— AIM OF THE EXERCISE —
Your response should consist of the entire listing, transcribed exactly, with every image left out.

— SOURCE DATA —
..............................
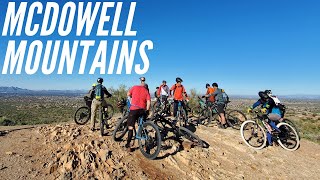 McDowell Mountain  Epic climb crowded descent on Lost Dog Wash Old Jeep and Sunrise  12292019 [upl. by Mosenthal]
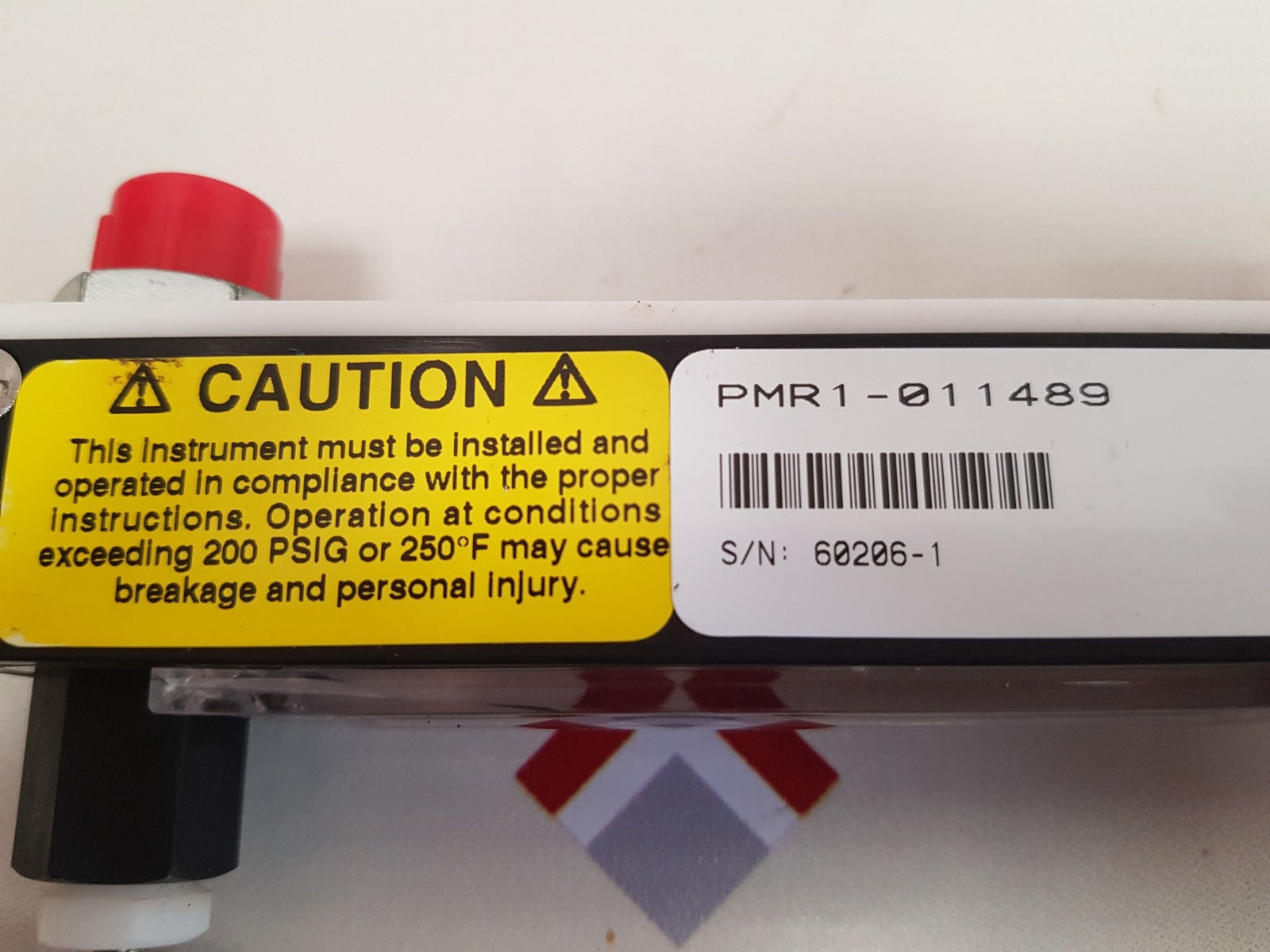 Aalborg pmr1-011489 flow meter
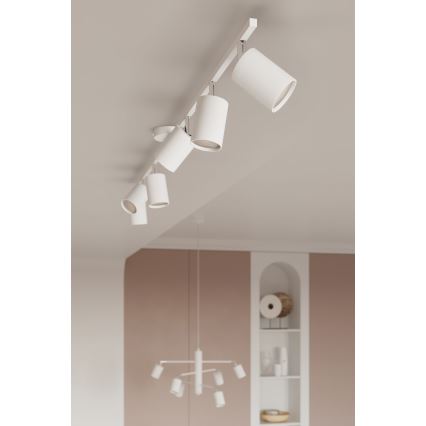 Spotlampe LEMMI 4xGU10/10W/230V hvid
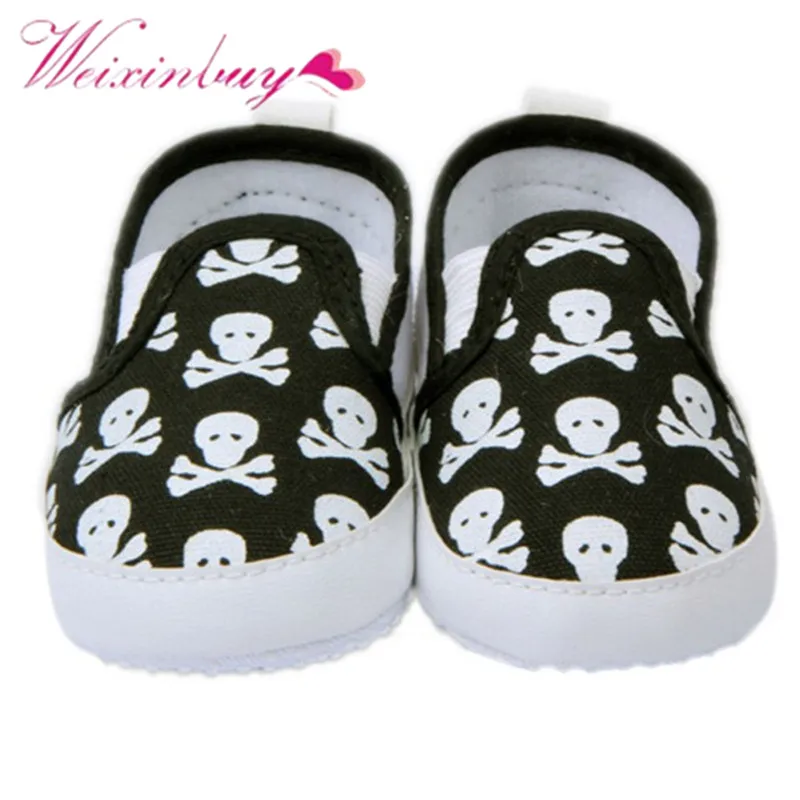 

2017 loafers 0-12M Baby Shoes Kids Boy Girl Toddler Skull Soft Sole Anti-Slip Sneakers Shoes 1 Pair slip-on shoes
..............................
— ANSWER SPACE —
 McDowell Mountain  Epic climb crowded descent on Lost Dog Wash Old Jeep and Sunrise  12292019 [upl. by Mosenthal]
 Aalborg pmr1-011489 flow meter
 Spotlampe LEMMI 4xGU10/10W/230V hvid

2017 loafers 0-12M Baby Shoes Kids Boy Girl Toddler Skull Soft Sole Anti-Slip Sneakers Shoes 1 Pair slip-on shoes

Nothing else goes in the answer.